Sam seufzte nun doch leicht entnervt auf. „Du und dein Dickkopf" Er rieb sich müde über die Augen. „Nun hör mal. Du verlässt ihn doch nicht, nur weil du dir ein bisschen die Beine vertrittst"
trocken lachte ich auf. „Da wären wir ja schon beim nächsten Punkt. Ich kann ja nicht einmal laufen. Oder wie hast du dir das vorgestellt...mit einem gebrochenen Bein?" Verstand er nicht, dass ich hier nicht wegkonnte und auch nicht wollte? Weder physisch noch psychisch. „Wirklich Sam. Jemand sollte bei ihm bleiben"
„Ja der Meinung bin ich auch", meinte Sam und deutete zur Tür. „Und deswegen hab ich nach einer Aushilfe gesucht"

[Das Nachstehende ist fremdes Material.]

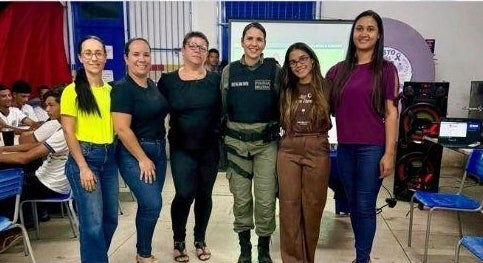 Patrulha Maria da Penha realiza palestra em escola de Petrolândia durante ações do Agosto Lilás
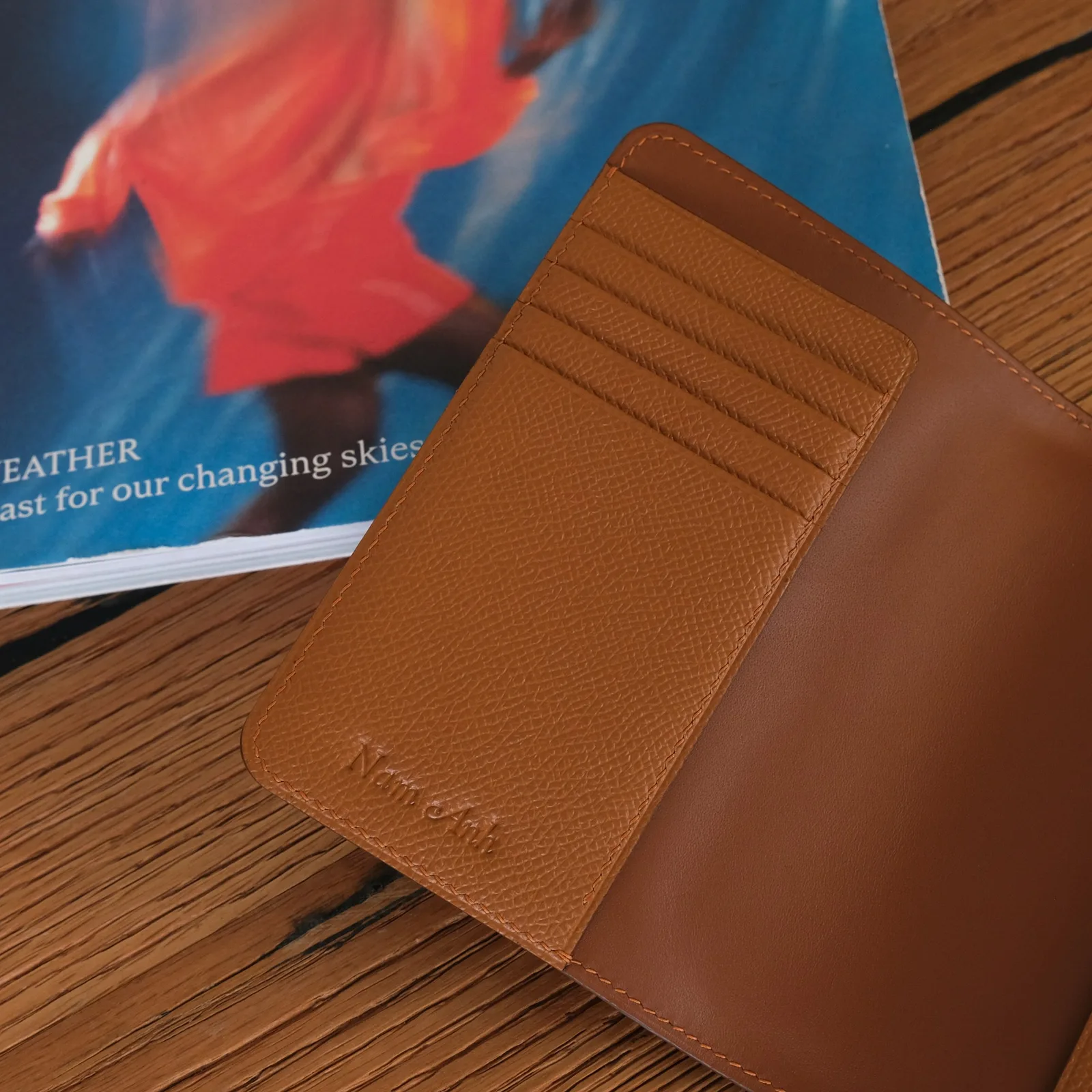 Ảnh Bao da hộ chiếu da bò Epsom màu nâu Gold - Koi Leather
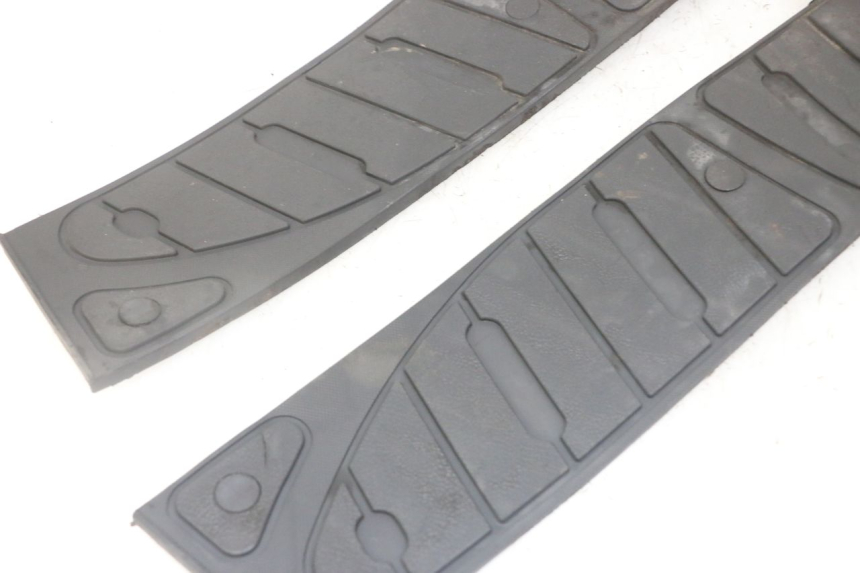 photo de CARENA PEDANA GOMME PIAGGIO SUPER LX 125 (2000 - 2003) - Stato della superficie e materiale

Nun zu verwirrt um weiter zu protestieren, hörte ich, wie sich schwere Schritte näherten. „Du hast was...?", fing ich an, brach aber abrupt ab, als ich sah, wer sich da durch die Tür in den dunklen Raum schob. „Dwalin?", rief ich entgeistert aus und sah den Zwerg finster an. „Warum hast du ihn geholt? Reicht es dir etwa nicht, dass ich mehrere Verletzungen habe? Soll etwa auch noch Bluthochdruck zu einem Problem von mir werden?", fauchte ich und funkelte Dwalin an, der in der Tür stand.
„Ich bin hier um zu helfen", meinte dieser jedoch ruhig ohne auch nur die geringste Spur von Häme in seiner Stimme. Sein Blick glitt erst über Thorin, der in seinem Bett lag und dann über mich. „Dein Freund hat mich informiert, dass es dir nicht gut geht und dass ich dich ablösen soll"

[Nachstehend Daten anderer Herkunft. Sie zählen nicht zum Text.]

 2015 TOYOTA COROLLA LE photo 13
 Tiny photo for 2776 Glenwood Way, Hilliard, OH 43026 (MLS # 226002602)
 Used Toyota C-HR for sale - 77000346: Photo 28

„Ich habe es schon einmal gesagt. Ich werde nicht gehen", sagte ich entschlossen. Wann verstanden sie es endlich? Ich konnte hier nicht weg.
Sam atmete noch einmal tief durch, ehe er gezwungen ruhig sprach. „Ich gebe dir jetzt die letzte Chance dies freiwillig zu tun, ansonsten platzt mir der Kragen und ich schleife dich höchst persönlich hinter mir her"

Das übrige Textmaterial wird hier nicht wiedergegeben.